Supplied material
===
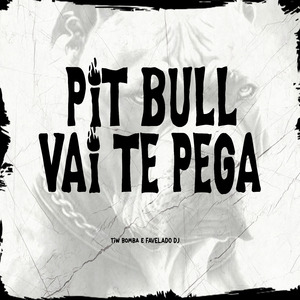 Pit Bull Vai Te Pega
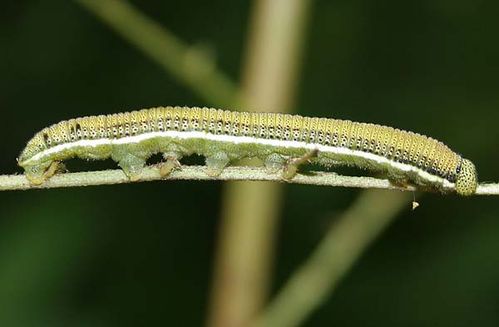 White Migrant | Catopsilia pyranthe photo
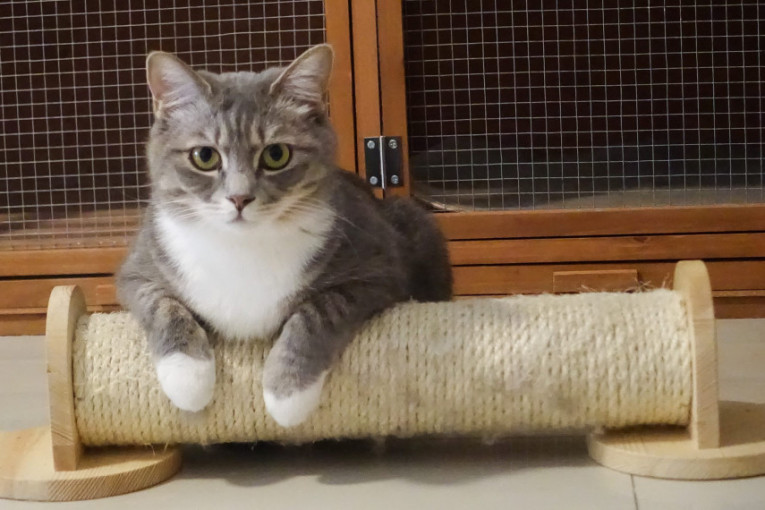 Ni vlasnici ništa nije jasno: Zbog načina na koji silazi niz stepenice ova maca postala je hit na internetu (VIDEO)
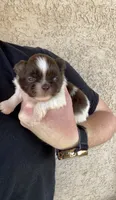 Bear, a male Shih Tzu for sale in Hesperia, CA – 2 of 3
===
About this task
Pass over the images and copy the rest of the material above exactly.

Response below
 Pit Bull Vai Te Pega
 White Migrant | Catopsilia pyranthe photo
 Ni vlasnici ništa nije jasno: Zbog načina na koji silazi niz stepenice ova maca postala je hit na internetu (VIDEO)
 Bear, a male Shih Tzu for sale in Hesperia, CA – 2 of 3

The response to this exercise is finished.